Here is a chess problem that people swear is impossible. On an infinite board, with one corner (see the first diagram), checkmate the lone King with King and Rook. The pieces can be placed at random, finite distances from the corner. The task is toughest when the White King is in the corner. The diagrammed position is relatively short, so that you can see how it is done. But it can be done with the Black King way out there. This article would be much longer, then.

I begin: 1 Rd1 Kc2 2 Rd9 (White need not be this efficient) 2...Kc3 (2...Kc1 3 Rd3 is similar, and takes about a move longer) 3 Kb1 Kc4 4 Kc2 Kc5 5 Kd3 Kc6 6 Ke4 Kc7 7 Kf5 Kc8 8 Rg9 Kd8 9 Kg6 Ke8 10 Kh7 Kf8 11 Kh8 [2nd diagram]

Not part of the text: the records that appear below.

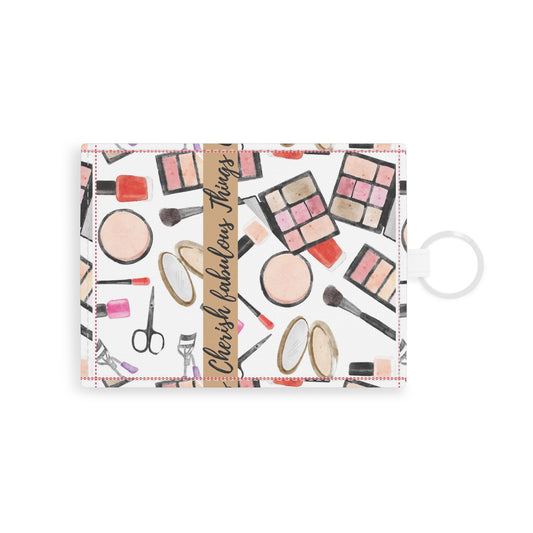 Cherish fabulous things -Makeup Pattern Saffiano Leather Card Holder — 'Cherish the Fabulous Things'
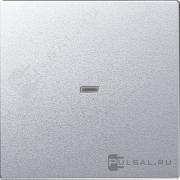 КлавишаSimon 82 Detail, одноклавишный, с подсветкой, цвет - алюминий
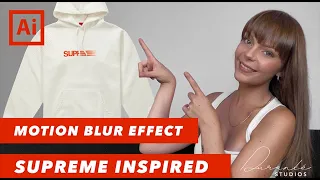 SUPREME INSPIRED Motion Blur Hoodie | Adobe Illustrator LOGO TUTORIAL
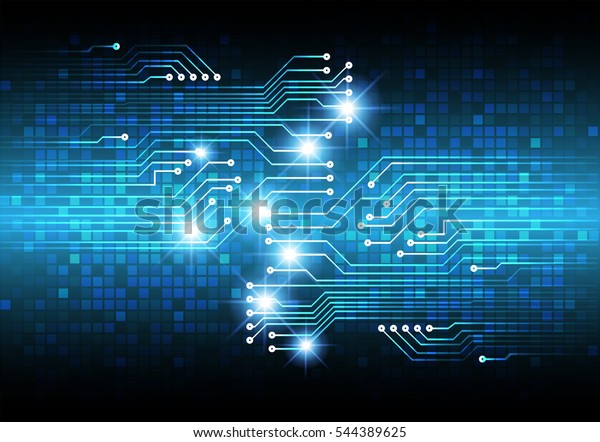 future technology, blue cyber security concept\
background, abstract hi speed digital internet.motion move blur.\
pixel . vector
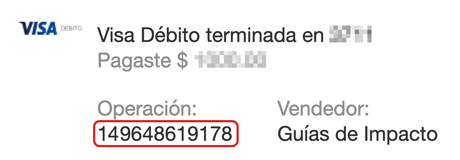 Ejemplo número de operación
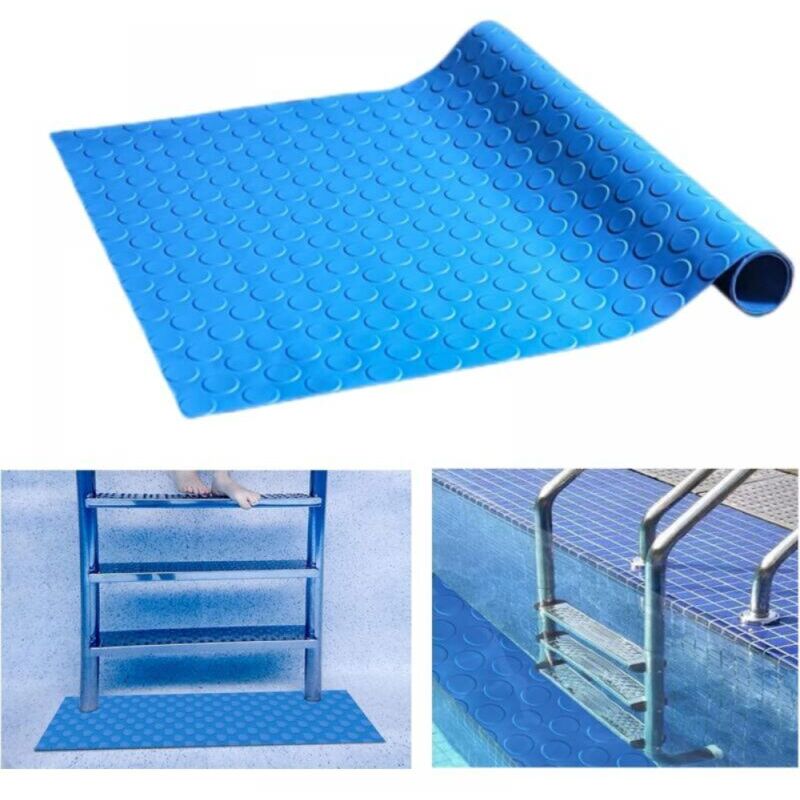 foto del prodotto tappetino per scale da piscina, 23 x 90 cm, tappetino per scale strutturato antiscivolo, tappetino per scale da piscina, tappeto antiscivolo per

This completes the first part of White's task. And that was the part that seemed impossible, at first. To get here, White's King moved almost directly to h8. Black's King, on the other hand, took a longer path, as he was blocked by the Rook. You can probably see how to do this when the Black King is farther from the corner.

The rest is simple: 11...Ke8 12 Kg7 Ke7 (A little study shows that nothing is much better) 13 Re9+ Kd8 14 Kf8 Kd7 15 Rd9+ Kc8 16 Ke8 Kb8 17 Kd7 Kb7 18 Rb9+ Ka8 19 Kc8 Ka7 20 Rb10 Ka6 21 Kc7 Ka5 22 Kc6 Ka4 23 Kc5 Ka3 24 Kc4 Ka2 25 Kc3 Ka1 26 Kc2 Ka2 27 Ra10++ (Perhaps Black could have lengthened the solution a move or two).

That was fairly short.